Work task: With the pictures left out, write out the records verbatim.

*** Data supplied

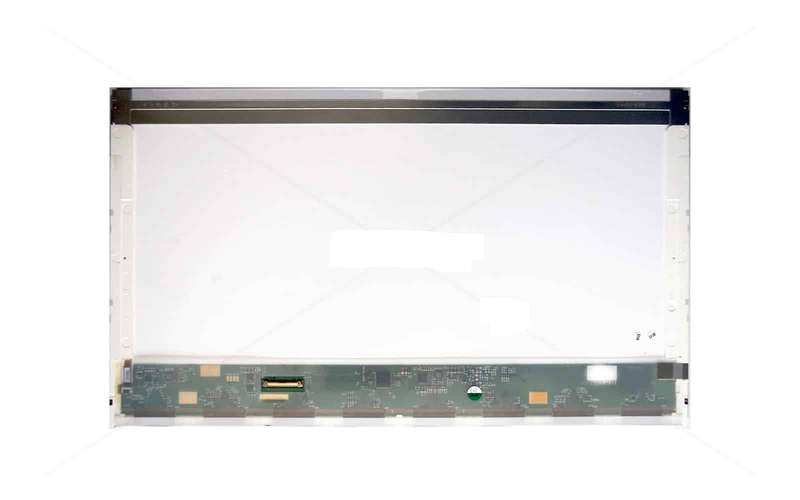 17.3"MONITOR1600*900WXGA-HD+BOTTOML LED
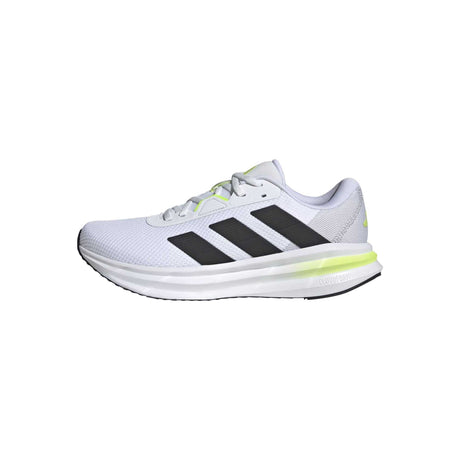Galaxy 7 Running Shoes - Runner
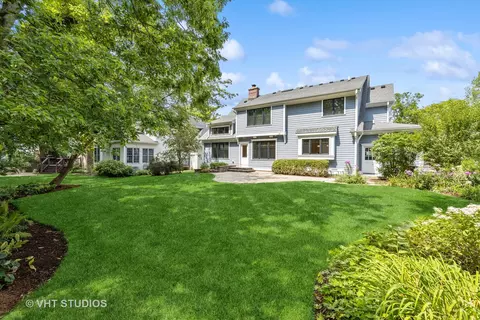 824 S Wright St, Naperville, IL 60540 photo 40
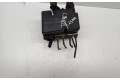 Блок АБС 1K0614117H   Volkswagen  Caddy  2004 - 2010 года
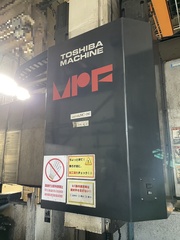 東芝 門型マシニングセンター MPF-2114DS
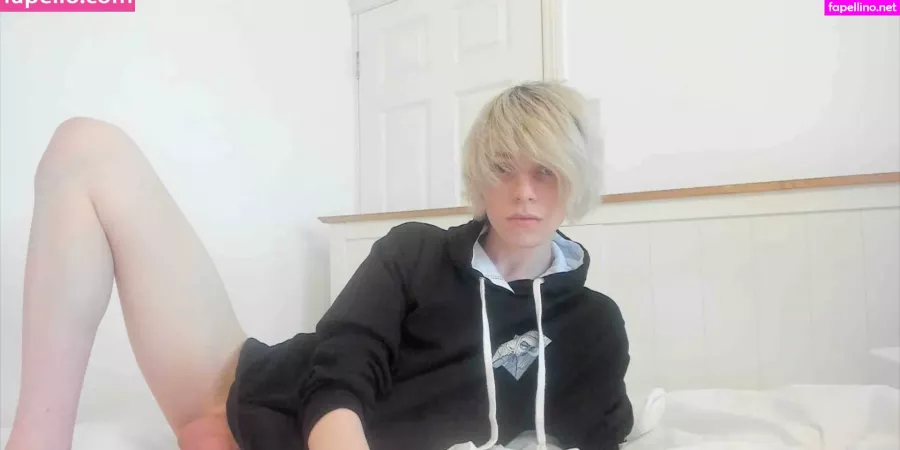 Narsissyus OnlyFans Thumbnail #ZbYfKikRSK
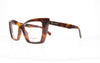Saint Laurent SL 657 OPT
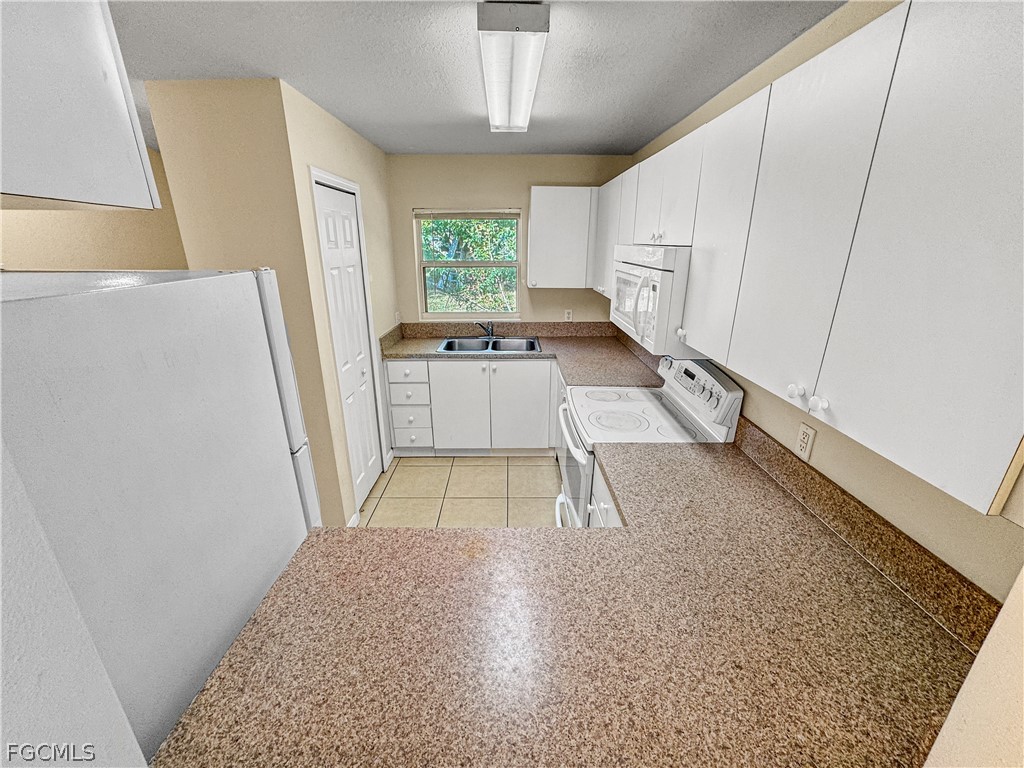 1321 SE 8th Avenue #3 Cape Coral FL 33990 2026013583 image13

******

Problem solution:
 17.3"MONITOR1600*900WXGA-HD+BOTTOML LED
Galaxy 7 Running Shoes - Runner
 824 S Wright St, Naperville, IL 60540 photo 40
 Блок АБС 1K0614117H   Volkswagen  Caddy  2004 - 2010 года
 東芝 門型マシニングセンター MPF-2114DS
 Narsissyus OnlyFans Thumbnail #ZbYfKikRSK
Saint Laurent SL 657 OPT
 1321 SE 8th Avenue #3 Cape Coral FL 33990 2026013583 image13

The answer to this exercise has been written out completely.